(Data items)
--*--

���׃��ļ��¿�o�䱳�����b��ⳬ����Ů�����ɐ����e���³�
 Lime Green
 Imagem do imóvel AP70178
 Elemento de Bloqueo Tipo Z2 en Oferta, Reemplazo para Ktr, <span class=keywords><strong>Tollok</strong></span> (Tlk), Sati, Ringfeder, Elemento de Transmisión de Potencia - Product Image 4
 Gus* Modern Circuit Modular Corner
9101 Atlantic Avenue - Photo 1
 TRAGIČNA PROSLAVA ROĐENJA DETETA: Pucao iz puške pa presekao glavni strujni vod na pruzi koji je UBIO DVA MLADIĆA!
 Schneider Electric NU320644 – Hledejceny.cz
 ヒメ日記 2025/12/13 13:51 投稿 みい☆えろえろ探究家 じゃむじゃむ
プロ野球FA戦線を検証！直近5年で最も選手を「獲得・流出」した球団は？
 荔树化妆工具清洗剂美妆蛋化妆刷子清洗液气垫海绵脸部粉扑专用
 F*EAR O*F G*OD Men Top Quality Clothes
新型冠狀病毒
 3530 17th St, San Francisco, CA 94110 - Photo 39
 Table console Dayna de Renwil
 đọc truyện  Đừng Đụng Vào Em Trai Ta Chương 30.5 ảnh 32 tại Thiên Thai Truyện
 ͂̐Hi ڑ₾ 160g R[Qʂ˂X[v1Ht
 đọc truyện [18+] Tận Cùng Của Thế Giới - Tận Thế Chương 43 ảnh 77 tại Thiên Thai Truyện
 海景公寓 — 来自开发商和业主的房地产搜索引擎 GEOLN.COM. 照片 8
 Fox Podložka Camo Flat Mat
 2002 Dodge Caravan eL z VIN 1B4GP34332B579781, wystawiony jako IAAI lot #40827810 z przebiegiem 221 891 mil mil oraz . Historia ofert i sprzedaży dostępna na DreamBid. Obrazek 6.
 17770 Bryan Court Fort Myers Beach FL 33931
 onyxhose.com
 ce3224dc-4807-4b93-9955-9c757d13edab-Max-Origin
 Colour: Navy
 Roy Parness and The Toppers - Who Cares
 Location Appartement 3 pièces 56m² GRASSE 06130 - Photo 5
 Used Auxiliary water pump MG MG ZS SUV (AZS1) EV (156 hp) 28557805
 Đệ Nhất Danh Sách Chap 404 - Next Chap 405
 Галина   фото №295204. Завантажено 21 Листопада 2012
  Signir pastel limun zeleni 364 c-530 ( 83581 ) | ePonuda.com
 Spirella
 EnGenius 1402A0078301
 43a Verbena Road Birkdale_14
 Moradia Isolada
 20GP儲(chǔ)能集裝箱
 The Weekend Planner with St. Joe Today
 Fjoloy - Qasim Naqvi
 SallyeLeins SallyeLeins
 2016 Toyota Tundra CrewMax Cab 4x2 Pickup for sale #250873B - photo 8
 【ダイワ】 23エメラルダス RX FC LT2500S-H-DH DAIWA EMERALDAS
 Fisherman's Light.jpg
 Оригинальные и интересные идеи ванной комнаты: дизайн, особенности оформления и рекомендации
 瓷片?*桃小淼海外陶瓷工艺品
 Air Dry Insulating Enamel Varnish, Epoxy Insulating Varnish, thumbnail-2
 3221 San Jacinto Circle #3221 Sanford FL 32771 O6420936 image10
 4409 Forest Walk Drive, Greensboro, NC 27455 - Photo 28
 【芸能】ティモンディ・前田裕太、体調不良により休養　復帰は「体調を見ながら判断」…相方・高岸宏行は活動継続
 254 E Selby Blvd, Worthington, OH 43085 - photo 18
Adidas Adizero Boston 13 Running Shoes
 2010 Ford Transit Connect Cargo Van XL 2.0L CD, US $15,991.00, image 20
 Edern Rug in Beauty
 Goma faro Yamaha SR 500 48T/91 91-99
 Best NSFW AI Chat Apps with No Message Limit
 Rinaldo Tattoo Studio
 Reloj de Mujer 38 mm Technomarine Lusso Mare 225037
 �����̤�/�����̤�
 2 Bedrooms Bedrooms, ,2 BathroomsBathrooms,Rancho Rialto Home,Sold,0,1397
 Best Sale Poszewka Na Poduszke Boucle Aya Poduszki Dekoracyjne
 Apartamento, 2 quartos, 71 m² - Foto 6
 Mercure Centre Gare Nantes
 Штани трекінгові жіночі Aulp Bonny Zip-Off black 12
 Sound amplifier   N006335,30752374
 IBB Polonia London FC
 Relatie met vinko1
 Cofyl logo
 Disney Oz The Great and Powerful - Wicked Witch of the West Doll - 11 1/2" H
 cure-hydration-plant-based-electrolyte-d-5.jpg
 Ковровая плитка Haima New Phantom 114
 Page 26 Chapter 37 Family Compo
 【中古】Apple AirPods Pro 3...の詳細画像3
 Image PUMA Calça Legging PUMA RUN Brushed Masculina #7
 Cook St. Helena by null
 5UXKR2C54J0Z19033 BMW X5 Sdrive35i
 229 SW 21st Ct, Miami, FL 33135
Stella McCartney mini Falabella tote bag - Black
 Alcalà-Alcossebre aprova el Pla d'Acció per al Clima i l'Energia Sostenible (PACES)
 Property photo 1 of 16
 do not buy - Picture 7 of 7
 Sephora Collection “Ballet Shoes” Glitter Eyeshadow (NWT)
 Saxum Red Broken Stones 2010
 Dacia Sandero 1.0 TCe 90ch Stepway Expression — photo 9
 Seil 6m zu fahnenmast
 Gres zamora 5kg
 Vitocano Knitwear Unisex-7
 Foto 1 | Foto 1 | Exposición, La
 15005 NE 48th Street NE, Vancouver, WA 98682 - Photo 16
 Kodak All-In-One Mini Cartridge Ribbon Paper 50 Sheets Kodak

--*--

* YOUR OBJECTIVE *
Across the data, how many lines contain the string "Truyện"? Only the number is wanted.

* YOUR RESPONSE *
2